[Task details]: Retype the whole listing below exactly, keeping every picture out of it.

[The data]:
########################################
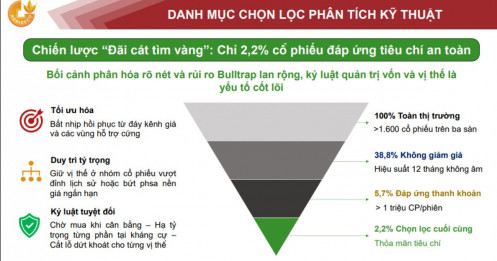 5 cổ phiếu LPB, ACB, HCM, POW và VNM đang ở vùng nào: Có nên xuống tiền lúc này?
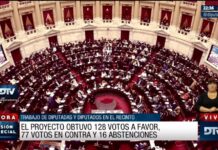 Diputados aprobaron la creacion de un Fideicomiso cuyos fondos se usaran para obras públicas en la Provincia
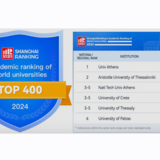 Academic Ranking of World Universities 2024: Tο ΕΚΠΑ είναι το καλύτερο Πανεπιστήμιο στη νοτιο-ανατολική Ευρώπη (ARWU – «Κατάταξη της Σαγκάης»)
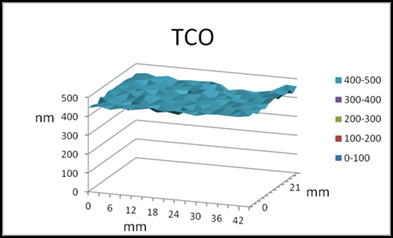 Surface plot of CuxNiyOz oxide layer thickness measured by LayerProbe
########################################
[Written reply]:
 5 cổ phiếu LPB, ACB, HCM, POW và VNM đang ở vùng nào: Có nên xuống tiền lúc này?
 Diputados aprobaron la creacion de un Fideicomiso cuyos fondos se usaran para obras públicas en la Provincia
 Academic Ranking of World Universities 2024: Tο ΕΚΠΑ είναι το καλύτερο Πανεπιστήμιο στη νοτιο-ανατολική Ευρώπη (ARWU – «Κατάταξη της Σαγκάης»)
 Surface plot of CuxNiyOz oxide layer thickness measured by LayerProbe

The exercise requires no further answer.